Une scène de la publicité du NPD ayant pour thème la gestion des finances publiques par les libéraux et progressistes-conservateurs.
Les néo-démocrates de Roger Duguay, au Nouveau-Brunswick, ont lancé jeudi une campagne publicitaire télévisée qui accuse les libéraux et les progressistes-conservateurs de ne pas tenir compte de la précarité des finances publiques.
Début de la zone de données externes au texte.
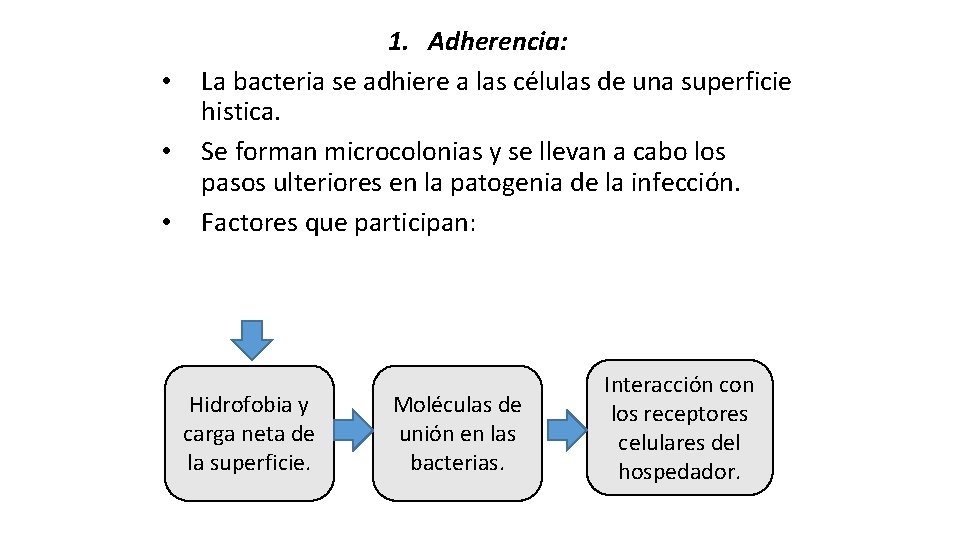  • • • 1. Adherencia: La bacteria se adhiere a las células de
Les néo-démocrates au Nouveau-Brunswick diffusent une publicité télévisée qui accuse les libéraux et les progressistes-conservateurs de ne pas tenir compte de la précarité des finances publiques.
Selon les néo-démocrates, ces deux partis sont du pareil au même. Leurs publicités les accusent d'annoncer d'importantes dépenses et des réductions d'impôts sans se soucier de la croissance de la dette publique. À la fin de la publicité, la voiture conduite par ces partis quitte la route et tombe dans un gouffre.
Cette publicité peu flatteuse s'écarte de la norme pour le NPD. « Ce n'est pas vrai que les partis politiques dans les campagnes se flattent », indique le chef néo-démocrate, Roger Duguay.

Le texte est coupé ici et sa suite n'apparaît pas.